Exercise: After locating the line that contains "Ford focus st line X 155cv", output that line and each one following it, exactly, to the end of the entries. No pictures.

Source information:
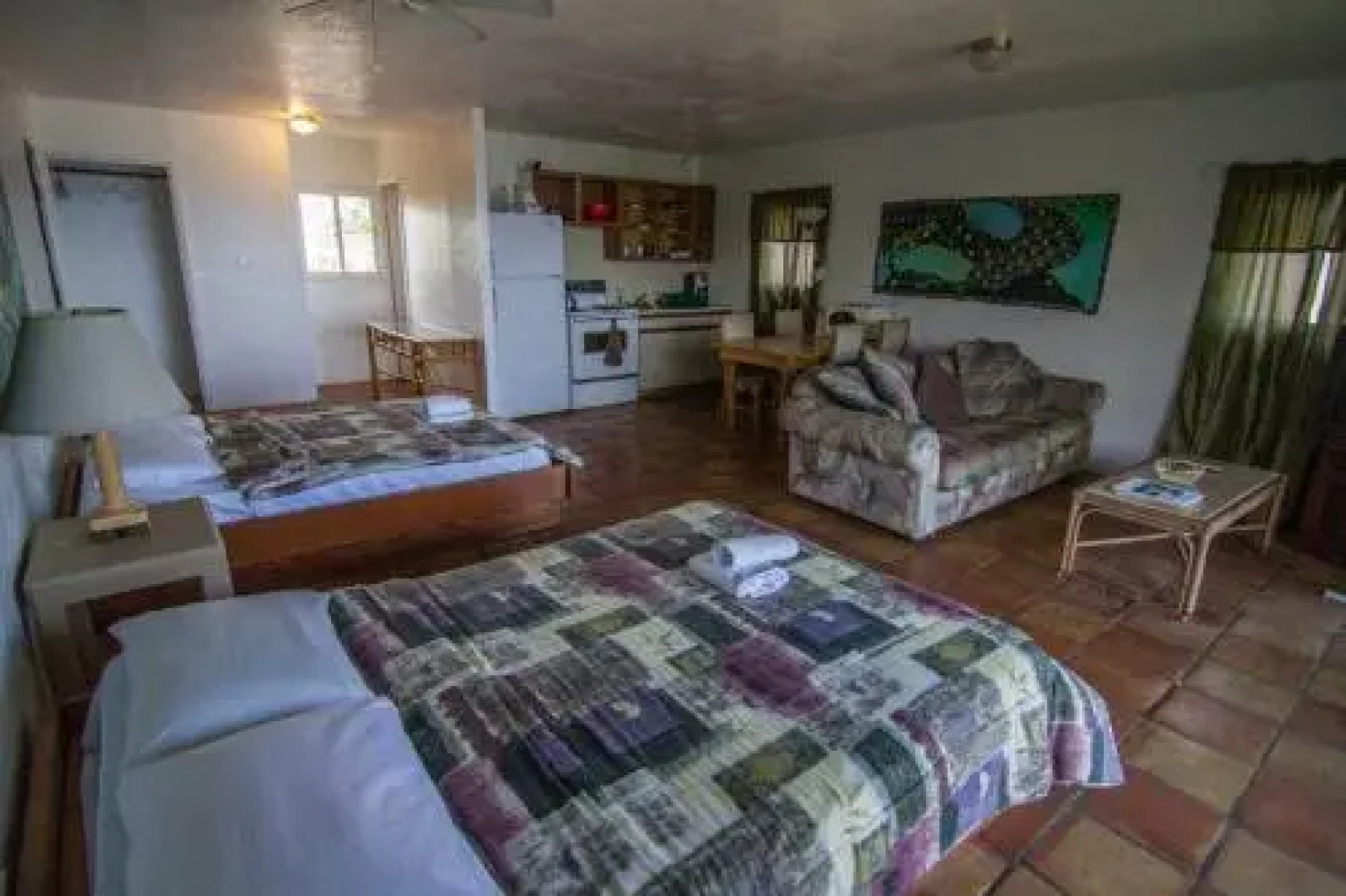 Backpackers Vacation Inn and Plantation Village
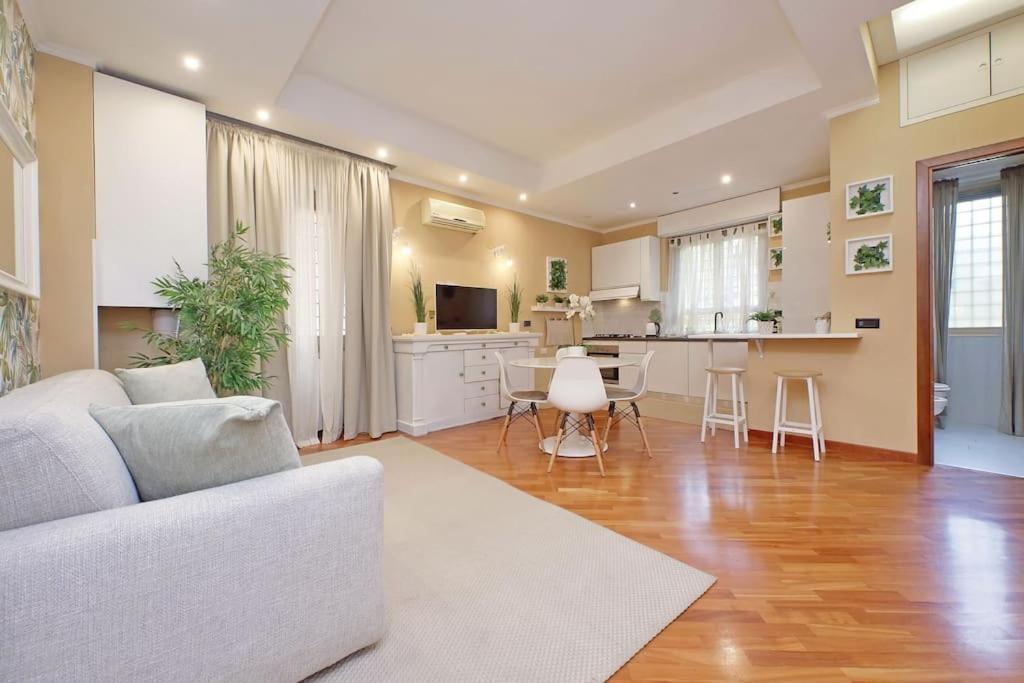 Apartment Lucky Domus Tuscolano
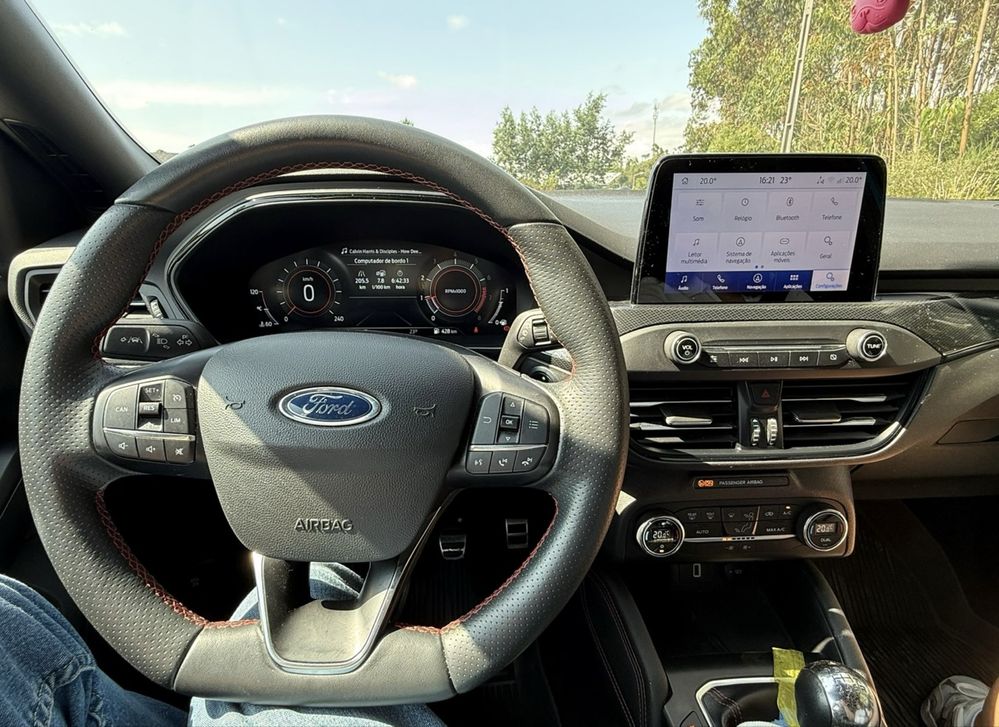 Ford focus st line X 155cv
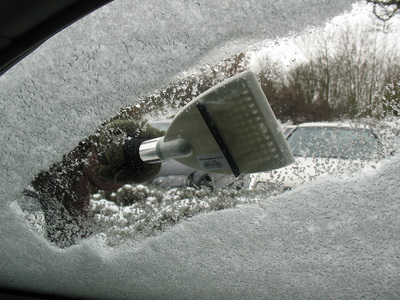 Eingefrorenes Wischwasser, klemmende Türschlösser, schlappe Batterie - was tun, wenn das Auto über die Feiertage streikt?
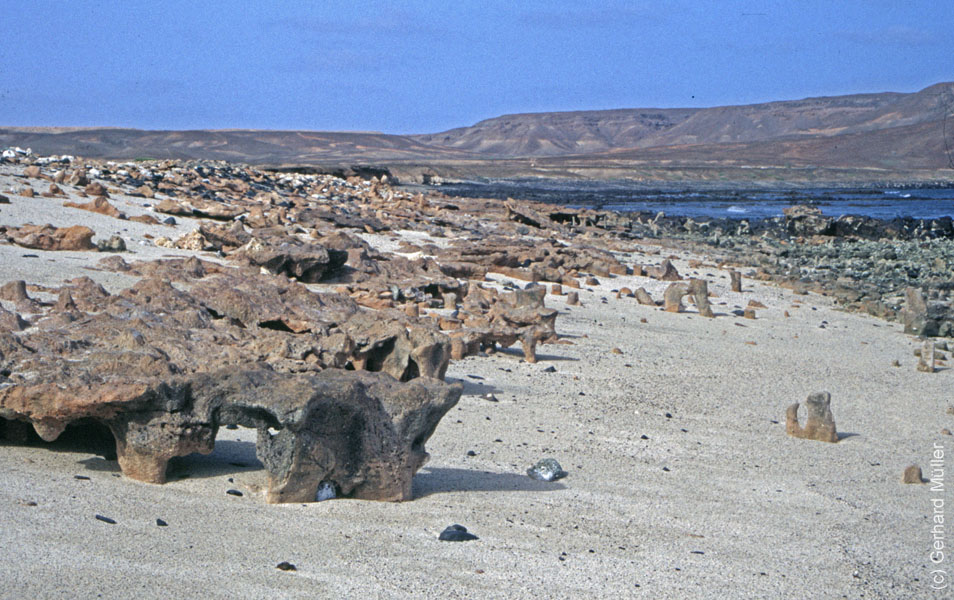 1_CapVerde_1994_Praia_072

Response to the exercise:
 Ford focus st line X 155cv
 Eingefrorenes Wischwasser, klemmende Türschlösser, schlappe Batterie - was tun, wenn das Auto über die Feiertage streikt?
 1_CapVerde_1994_Praia_072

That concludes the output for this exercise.